This young man is not here, therefore, and I'm not going to tell you his name. But I remember not long after he was part of our internship program or whatever it was, I noticed that he began to use one of my words that I use with a congregation. I heard him saying in the course of sentences, Beloved! Well, that was very nice.

But he hadn't become his beloved. He just heard me saying that. And he thought, That's a nice thing to say. And it is a nice thing to say. But you know whether you're beloved or not. And your congregation know whether they're loved or not. And the use of the language without the reality of the relationship just comes across as insincere. So, what is he to do?

What is the answer? How do you handle this? Let no one despise your youth.

I want you to make sure that you are clear on this, Timothy. Don't let the people look down on you. Make sure they look up to you.

The way they will look up to you is if you set them an example in these areas. Number one, speech. Speech. Words. It's all been about words. The Word of God, the way that God uses our words in the proclamation of his Word, the great mystery of it all. And right at the very outset, speech.

That it would be true, kind, purposefully helpful. Speech not only in the public arena, speech in the privacy of our cars, under-the-breath speech, speech with our wives. Speech, an example. Then in conduct or behavior.

Now, the false teachers were clearly concerned about conduct and behavior. Paul is not suggesting to Timothy here that he kind of adopts that kind of external approach, but rather that as a result of the Spirit of God at work within his heart, that he would then have his behavior increasingly like that of the Lord Jesus Christ. Stand and teach these things. Don't get up on your high horse, Timothy.

Have them look up to you, and to look up to you, because they hear your words and they are able to observe your behavior. Set the believers an example—speech, conduct, love, faith, purity. So having reminded him of character, he then comes to this matter of his work. And he says, Until I come, while you're in the position you're in, it's important, Timothy, that you do this—that you devote yourself to the public reading of Scripture, to exhortation, to teaching. And what Paul is asking Timothy to do here is essentially to continue the pattern which was the pattern of the synagogue. You remember, for example, when in the synagogue in Nazareth, Jesus is invited to read from the scroll of the prophet Isaiah, and he reads from it, and then he sits down. And the eyes of all in the synagogue are fastened on him, waiting to hear what he's going to say when he moves from the public reading to the exhortation and the teaching which comes from it. And you can find that this pattern—the reading of the law and the prophets and then the apostolic writings—is in the New Testament. You'll find it, for example, in 1 Thessalonians 5, 4.
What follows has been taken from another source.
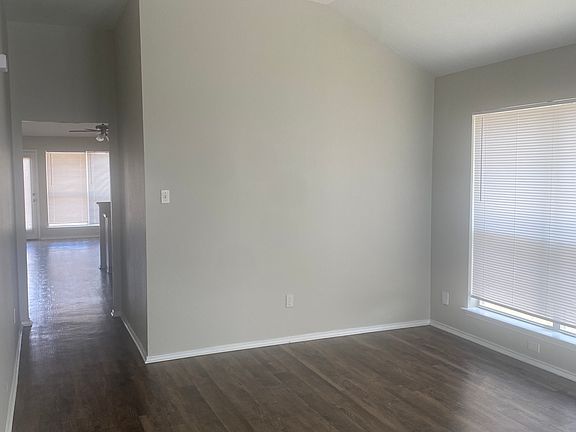 5th image of 1013 Godwin Ave
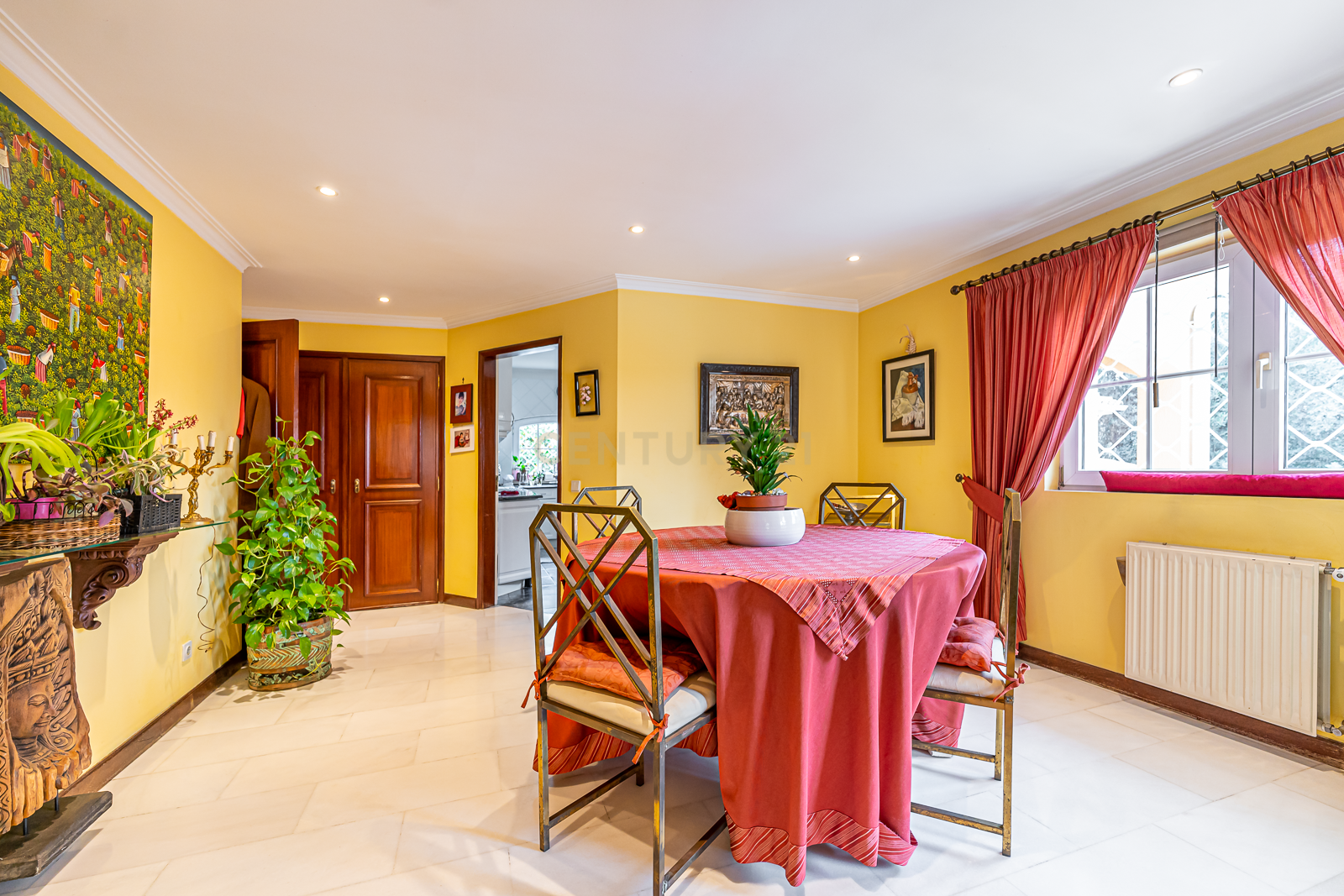 Moradia Isolada T6 + 2 com Piscina e garagem | Centro de Birre - Image 6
And Justin Martyr, in his first apology in the middle of the second century, identifies the fact that this was happening. He said, On the day called Sunday, all who live in cities or in the country gather together in one place, and the memoirs of the apostles and the writings of the prophets are read as long as time permits. Then, when the reader is finished, the president speaks, instructing and exhorting the people. So what place do we give to the public reading of Scripture? The question as to whether it is read, and then if it is read, how it is read.
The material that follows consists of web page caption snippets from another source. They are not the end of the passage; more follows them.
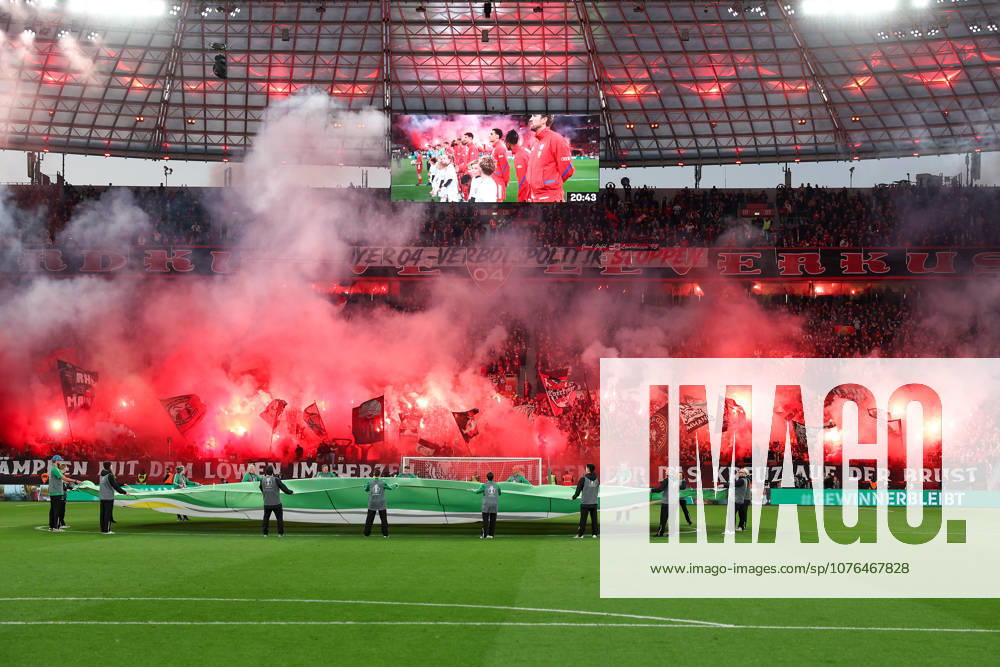 Fußball DFB Pokal - Bayer 04 Leverkusen - FC Bayern München am 22.04.2026 in der BayArena in Leverkusen Die Fans von Bayer Leverkusen zünden in der Nordkurve Pyrotechnik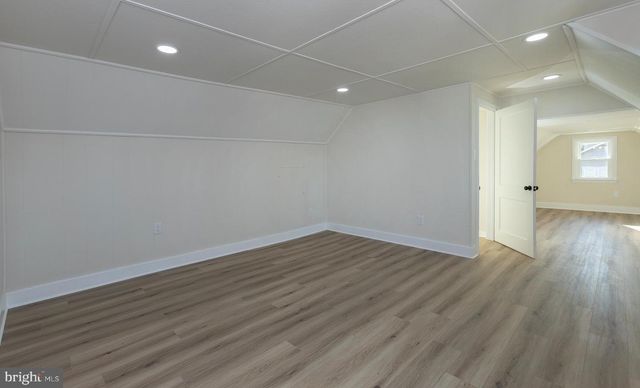 8050 CHAMBERS HILL RD, Harrisburg, PA 17111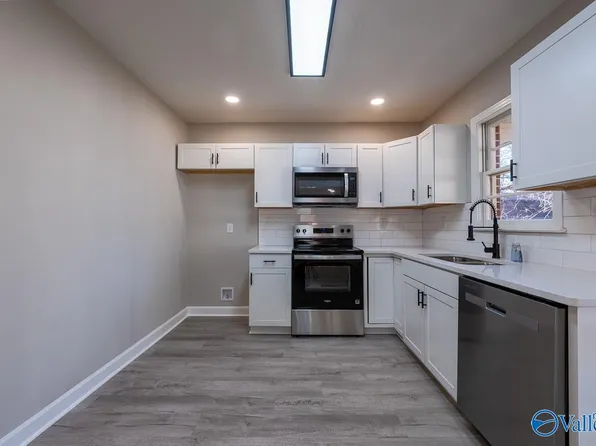 2603 Andrew Jackson Way NE, Huntsville, AL 35811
I don't want to belabor it. But again, coming back to Derek Prime, he never missed a beat in reading the Scriptures. Christopher Asch, who was with us a couple of years ago in that very excellent use of English, he wrote slowly and clearly.

Slowed it down, so that we would understand how important it is. Now, not simply the public reading but also then the exhortation, so that the Scripture that is read is to be preached. I have a friend here at Parkside who gives me old books, and one of the little books that he gave me for Christmas a couple of years ago was a book—it's not often seen by Horatius Bonar—and it's called God's Way of Peace. It's a book for the anxious, he says. And at one point in the book, he says this, The Bible is a living book, not a dead one, a divine one, not a human one, a perfect one, not an imperfect one.
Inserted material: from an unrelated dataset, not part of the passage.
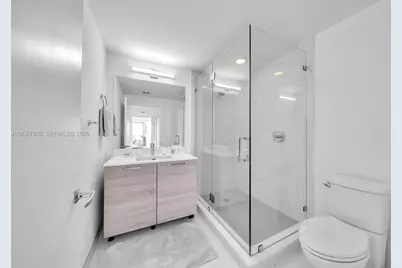 16385 Biscayne Blvd #2707, North Miami Beach, FL 33160 - Photo 33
Search it, study it, dig into it. Then in a little footnote, he quotes Luther, who writes, We must make a great difference between God's word and the word of man. A man's word is a little sound, which flyeth into the air and soon vanisheth. But the word of God is greater than heaven and earth, yea, it is greater than death and hell.

For it is the power of God and remaineth everlastingly. For we ought diligently to learn God's word, and we must know certainly and believe that God himself speaketh with us. The privilege of exhortation combines with the responsibility of teaching. Read it and exhort or preach and teach. You have the distinction between preaching and teaching in the Acts of the Apostles. At least, in a couple of cases, Luke tells us that Paul and Barnabas taught and preached the word of the Lord.

So there is a distinction between the two things—the twofold approach, that is, the responsibility that falls to us, that fell to Timothy. In teaching, we are seeking to give people an understanding of God's truth. In our preaching, we are then making an appeal to people's wills as well as to their emotions, urging them to respond to the word that they have now understood through our teaching.

But it is irresponsible for us to call upon our listeners to act without having first provided a proper understanding for them for the basis of the very action to which we call them. If it was a different context than another time, we could do a side consideration here on what this means in terms of evangelistic preaching. And I recall somewhere in the last three days somebody reminding me of someone who had gone to church listening to a previous speaker here from our conference in years gone by—also from Scotland, as it turns out—a wonderful, wonderful expositor of Scripture and with a passion to see people come to know Christ. And someone had gone to church, and they said, well, he was a very nice man, and it was a good sermon, but he didn't do the gospel. He didn't do the gospel. And what they meant by that was that he didn't have that little P.S. at the end, where you can be languishing in 2 Kings, you know, trying to work your way through, and then all of a sudden at the end you say, And by the way, there's some of you here that don't know the benefits of the gospel, and there's others of you who don't realize the dangers in neglecting the gospel.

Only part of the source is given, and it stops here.